Seduto sulla sua poltrona, nella sua cappella privata, rivolto verso l'altare. Pieno di sofferenza, e pronto a offrirla «perché il disegno di Dio si compia e la sua parola cammini fra le genti». E alla fine, alla quattordicesima stazione, con una croce di legno nelle mani. A indicare fino in fondo la sua partecipazione. L'hanno visto così, l'immagine rilanciata dai maxischermi nell'area dell'Anfiteatro Flavio, le migliaia di persone che anche quest'anno, nonostante l'assenza annunciata del Papa, la prima nel suo lungo Pontificato, si sono presentate puntuali all'appuntamento con la Via Crucis del Venerdì Santo.
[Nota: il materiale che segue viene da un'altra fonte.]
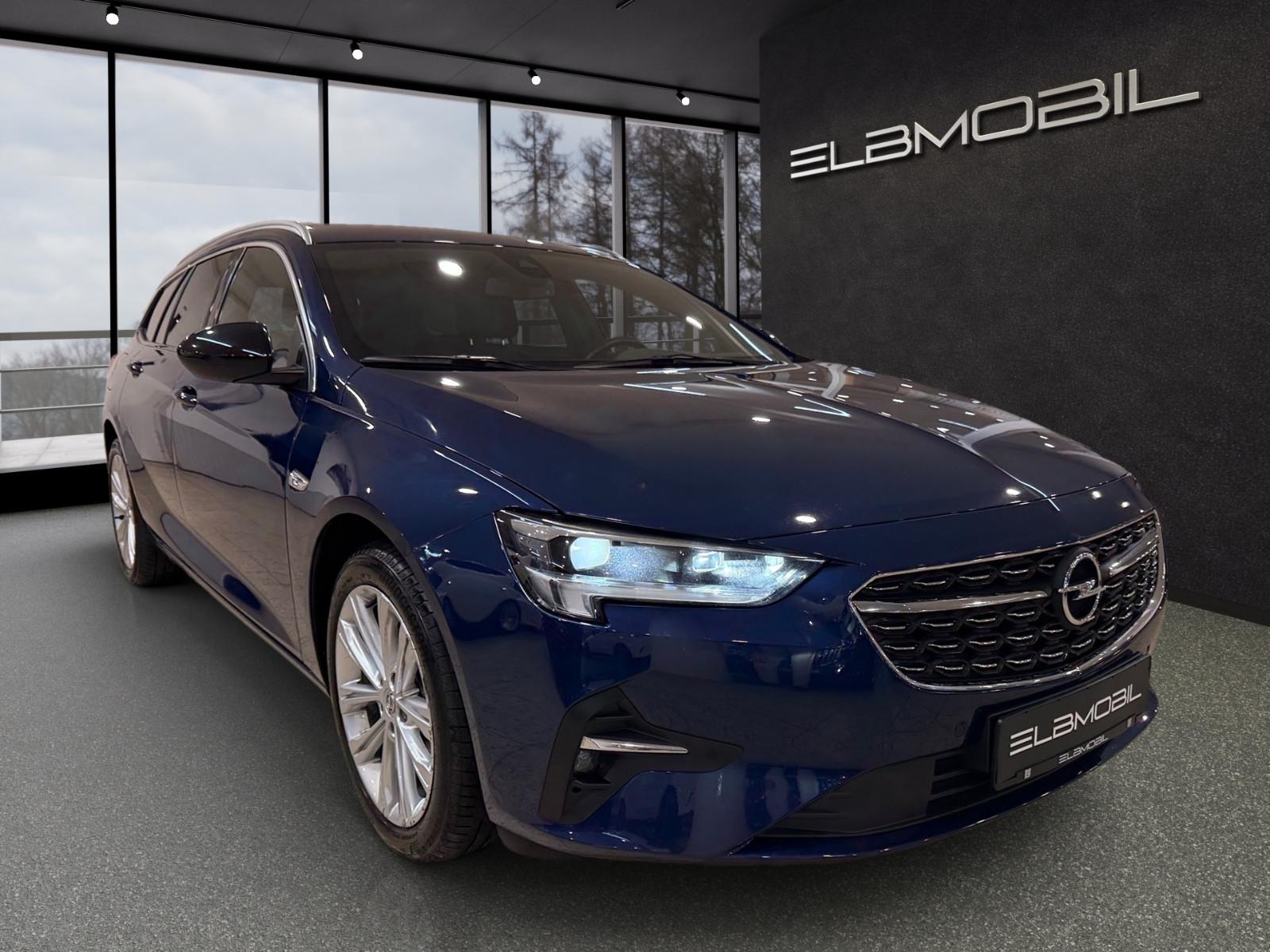 Opel Insignia B 2,0 Sports Tourer Business Elegance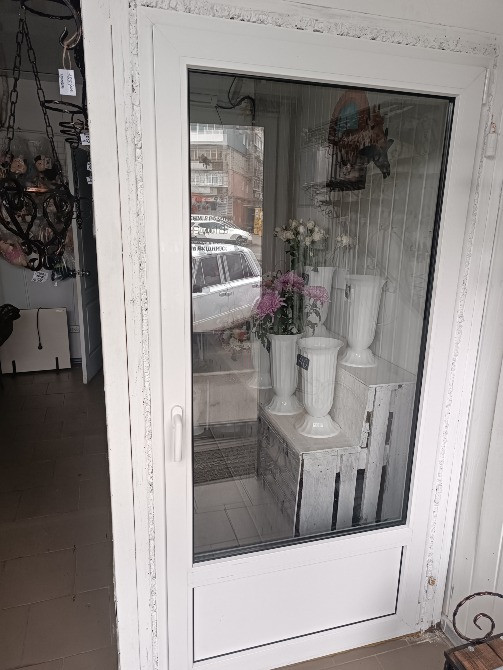 Продам металопластикові вікно та двері Харків - зображення 3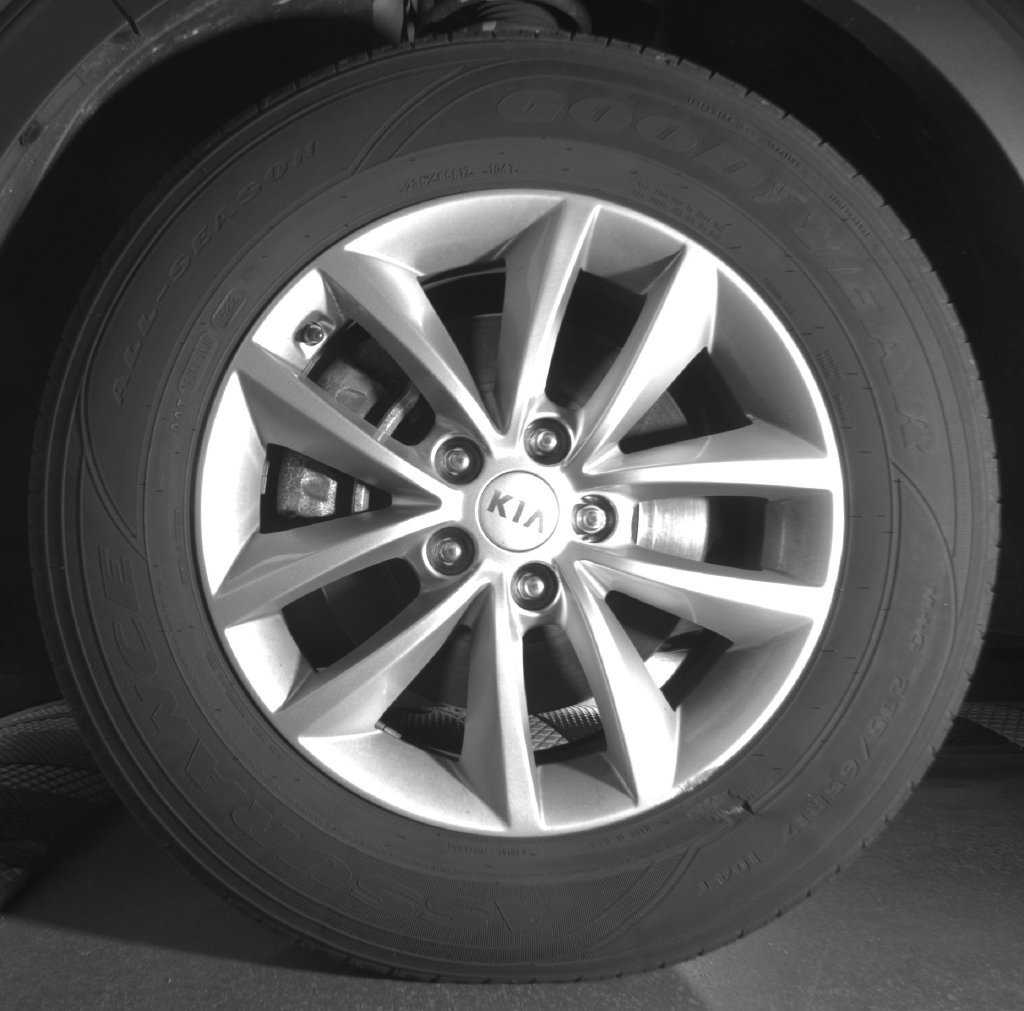 Used 2018 Kia Sorento AWD image 11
Una grande folla commossa che, nella notte illuminata dalle torce romane, l'ha accolto con un applauso che è sembrato infinito, sentendolo davvero unito «nell'invocazione così densa di significato: Adoramus te, Christe, et benedicimus tibi, quia per sanctam crucem tuam redemisti mundum». È stato proprio il messaggio che Giovanni Paolo II ha voluto indirizzare all'assemblea, letto dal cardinale vicario Camillo Ruini, delegato a presiedere il rito, ad aprire la cerimonia: «Sì, adoriamo e benediciamo il mistero della croce del Figlio di Dio, perché è proprio da quella morte - ha scritto il Pontefice - che è scaturita una nuova speranza per l'umanità». Infatti, ha scritto ancora Papa Wojtyla, «l'adorazione della Croce ci rimanda a un impegno al quale non possiamo sottrarci: la missione che San Paolo esprimeva con le parole: "Completo quello che manca nella mia carne ai patimenti di Cristo, a favore del suo corpo che è la Chiesa"». E dunque, ha aggiunto quasi spiegando il senso di quella sua presenza muta, da lontano, «offro anch'io le mie sofferenze, perché il disegno di Dio si compia e la sua parola cammini fra le genti. Sono a mia volta vicino a quanti, in questo momento, sono provati dalla sofferenza. Prego per ciascuno di loro. In questo giorno memoriale del Cristo crocifisso guardo e adoro con voi la Croce e ripeto le parole della liturgia: O crux, ave spes unica! Ave, o Croce, unica speranza, donaci pazienza e coraggio e ottieni al mondo la pace! Con questi sentimenti - ha concluso - benedico voi e quanti partecipano a questa Via Crucis mediante la radio o la televisione».
A guidare la Via Crucis, come detto, è stato il cardinale vicario di Roma e presidente della Conferenza episcopale italiana Camillo Ruini, che ha portato la croce nelle prime due stazioni e nell'ultima, la quattordicesima. Col porporato, lungo la strada si sono alternati nel portare la Croce due frati francescani della Custodia di Terra Santa, una religiosa indiana, una laica sudcoreana della diocesi di Chonju, una famiglia della diocesi di Roma, una laica dello Sri Lanka, una famiglia di immigrati albanesi e un giovane sudanese di Khartoum. A scandire il rito le meditazioni scritte dal prefetto della Congregazione della Dottrina della Fede Joseph Ratzinger, suonate come un pressante invito, «nella putrefazione delle ideologie», a riscoprire il cristianesimo come «il nuovo profumo che riporta sulle tracce della vita». E dunque, davanti al mistero della Croce, tutti siamo chiamati a fermarsi «davanti a questa immagine di dolore, davanti al Figlio di Dio sofferente. Guardiamo a lui - ha scritto il cardinale Ratzinger nella meditazione finale della Via Crucis - nei momenti della presunzione e del godimento, in modo da imparare a rispettare i limiti e a vedere la superficialità di tutti i beni puramente materiali. Guardiamo a lui nei momenti di calamità ed angustia, per riconoscere che proprio così siamo vicini a Dio. Cerchiamo di riconoscere il suo volto in coloro che tenderemmo a disprezzare».